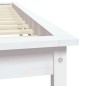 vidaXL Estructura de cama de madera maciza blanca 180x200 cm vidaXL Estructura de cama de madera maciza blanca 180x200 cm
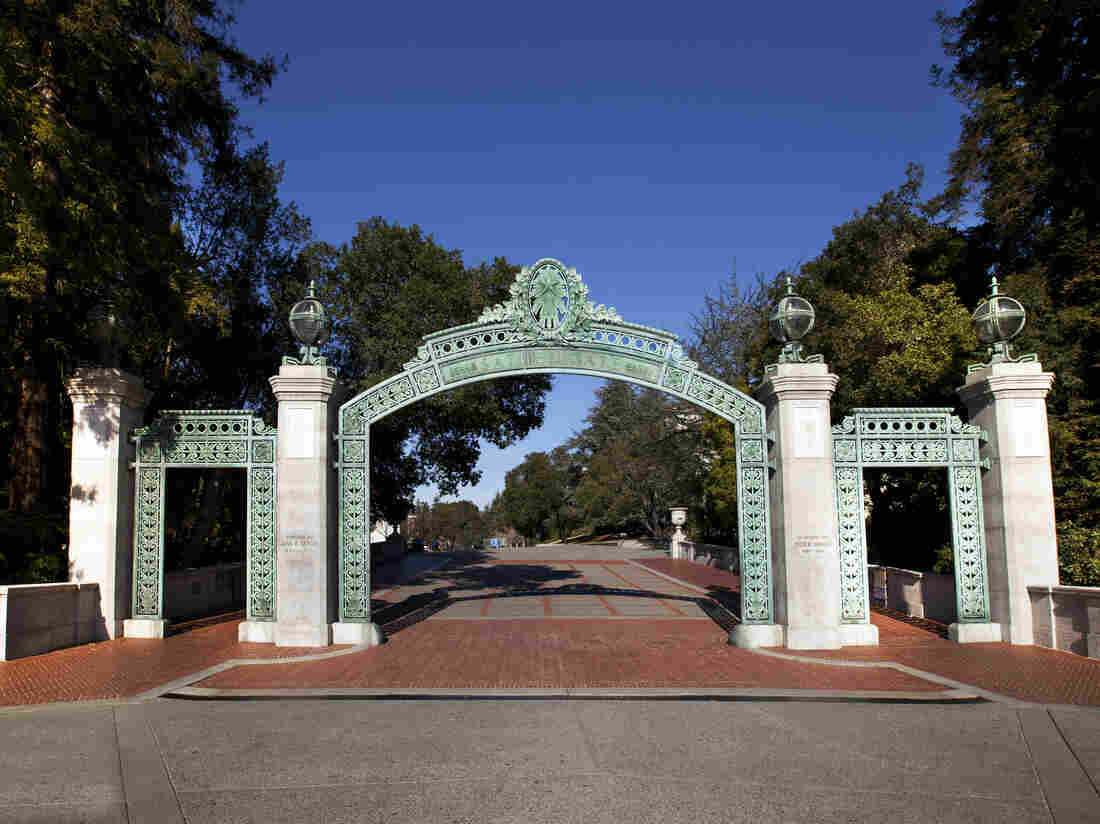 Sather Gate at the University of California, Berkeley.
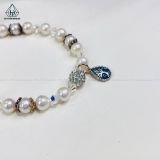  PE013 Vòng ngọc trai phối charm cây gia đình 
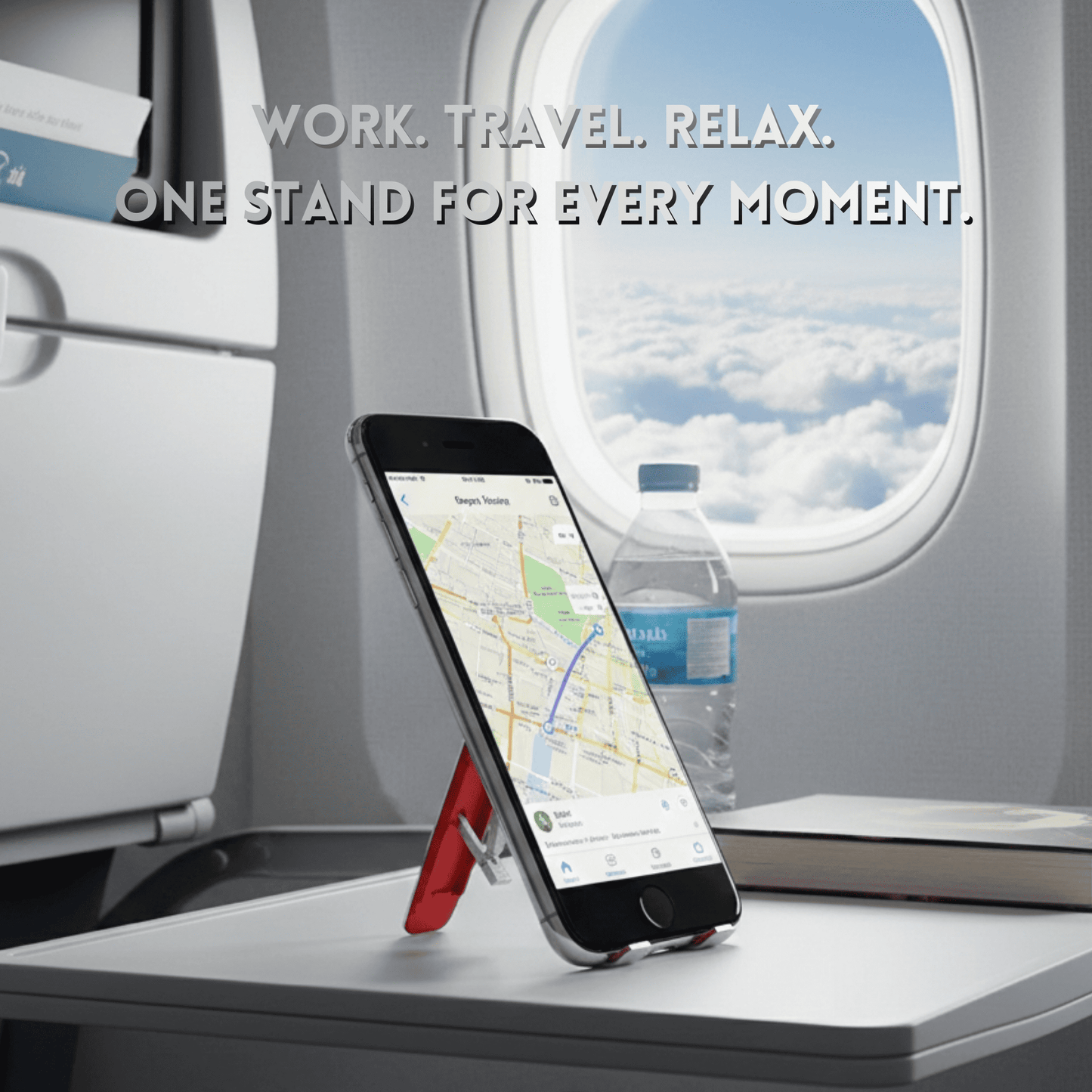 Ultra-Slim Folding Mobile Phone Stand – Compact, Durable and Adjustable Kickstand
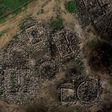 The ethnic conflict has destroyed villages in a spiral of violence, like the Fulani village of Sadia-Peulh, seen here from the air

▶ **Description of the task**:
Pictures don't belong in the copy. Retype exactly the lines from the one with "PE013 Vòng ngọc" through the last line of the records.

▶ **Result of the task**:
  PE013 Vòng ngọc trai phối charm cây gia đình 
 Ultra-Slim Folding Mobile Phone Stand – Compact, Durable and Adjustable Kickstand
 The ethnic conflict has destroyed villages in a spiral of violence, like the Fulani village of Sadia-Peulh, seen here from the air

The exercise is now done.